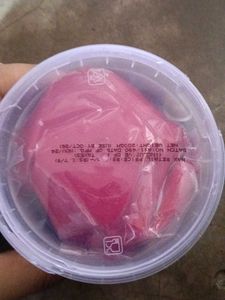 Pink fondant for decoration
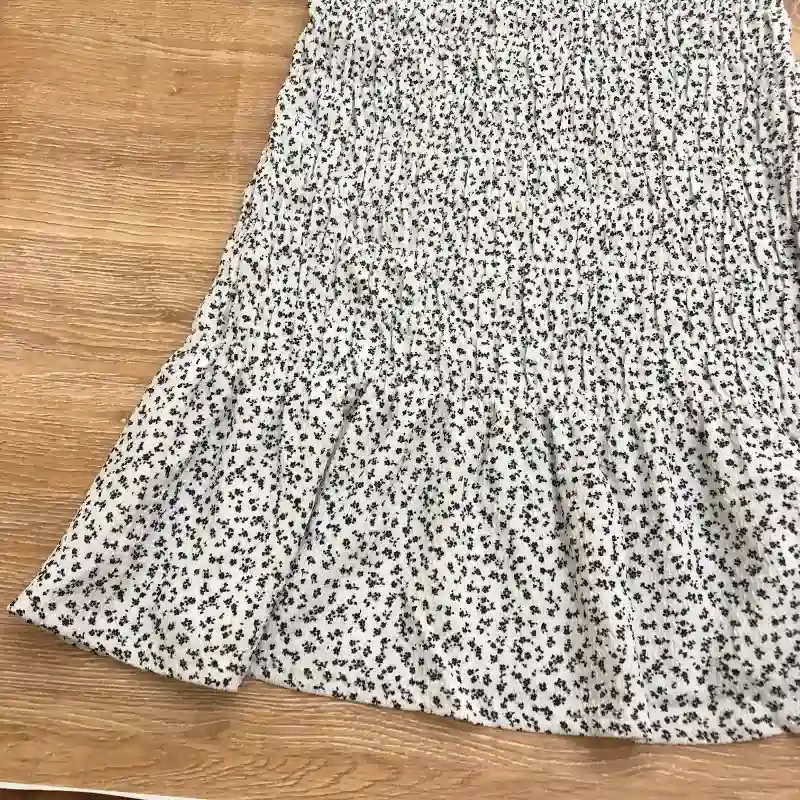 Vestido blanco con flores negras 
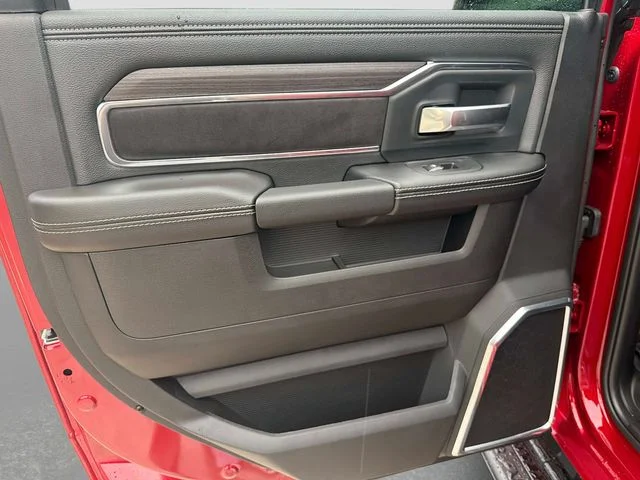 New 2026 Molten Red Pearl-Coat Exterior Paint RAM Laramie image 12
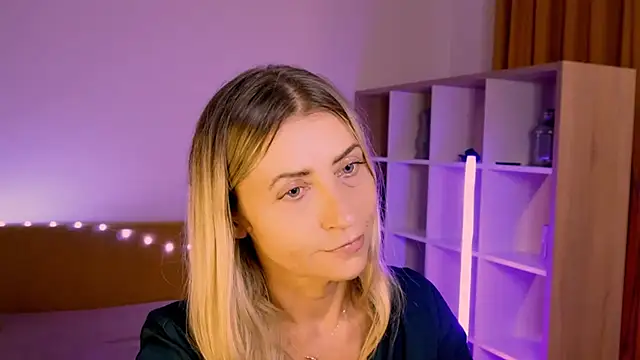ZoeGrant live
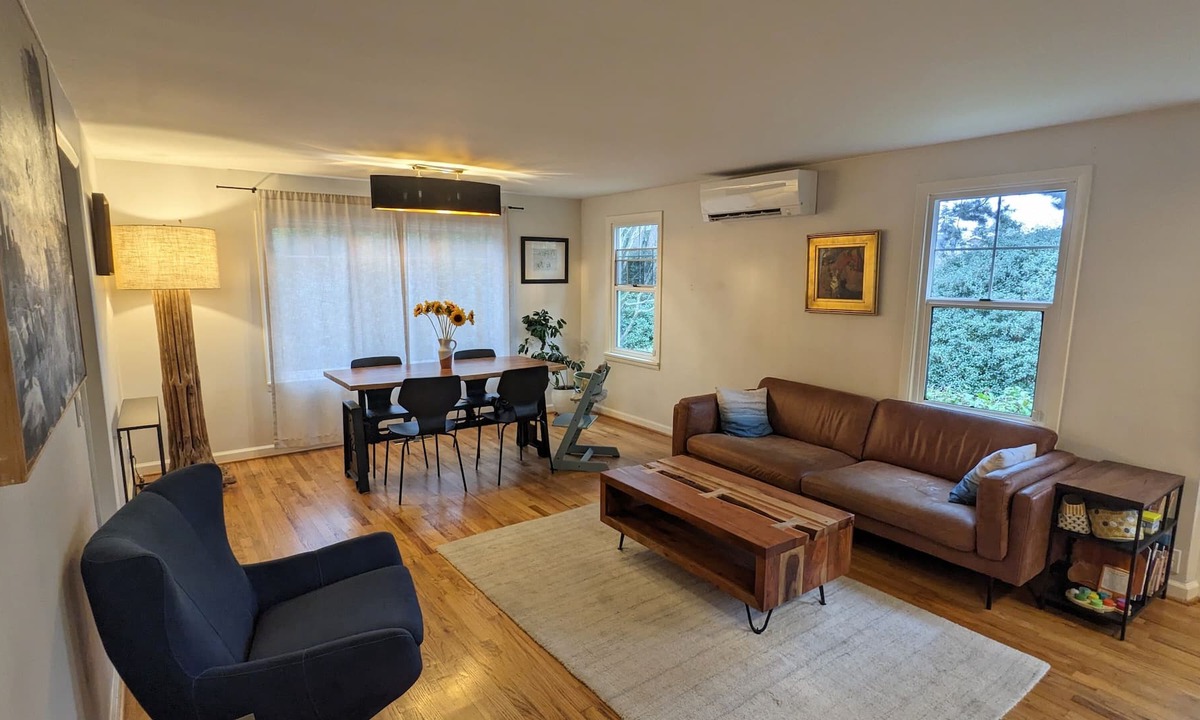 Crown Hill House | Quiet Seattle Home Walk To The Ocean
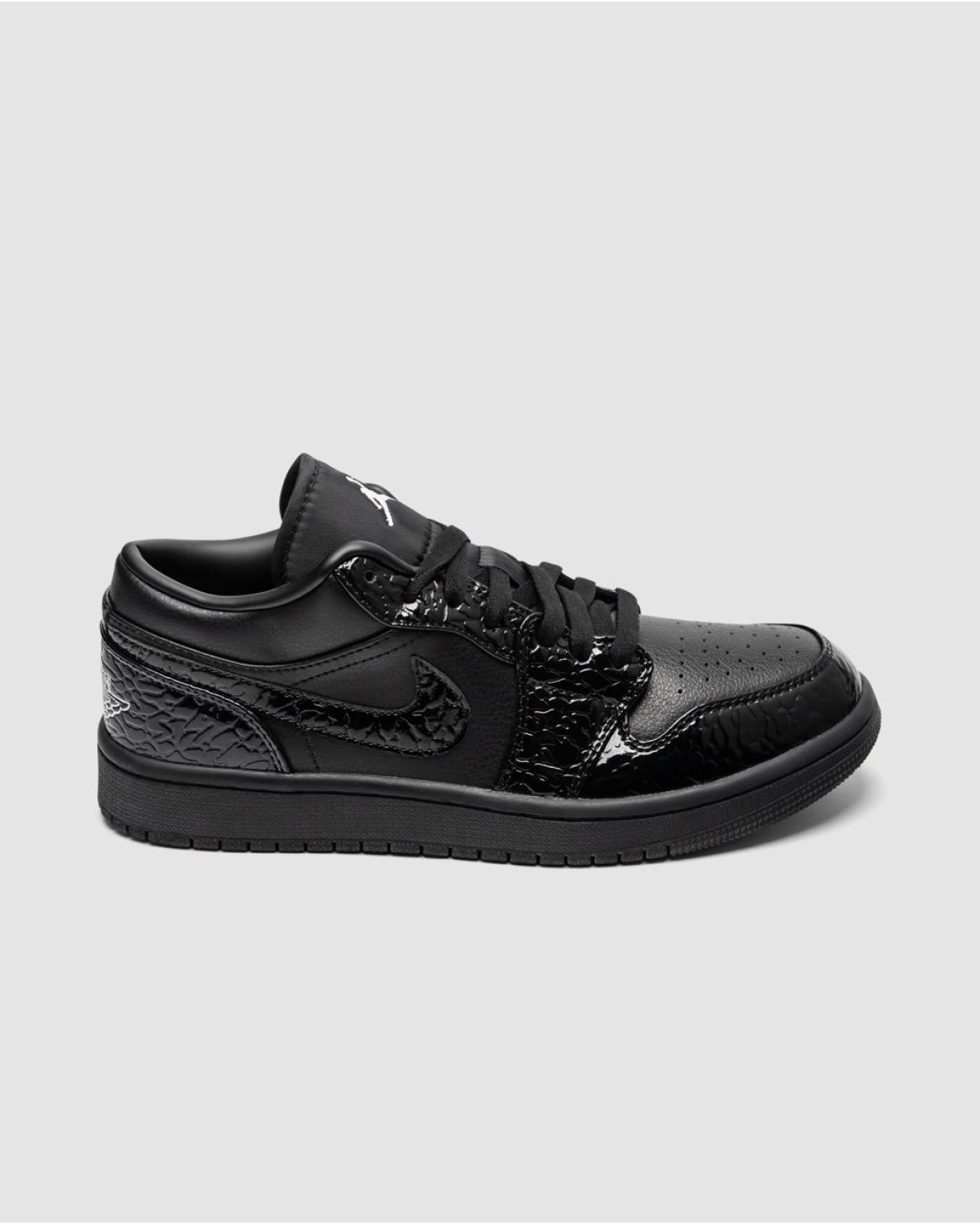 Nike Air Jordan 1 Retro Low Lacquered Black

__EXERCISE DETAILS__. From the line with "ZoeGrant live" down to the last line of the entries above, set down every line exactly, apart from the pictures.

__OUTPUT OF THE EXERCISE__.
ZoeGrant live
 Crown Hill House | Quiet Seattle Home Walk To The Ocean
 Nike Air Jordan 1 Retro Low Lacquered Black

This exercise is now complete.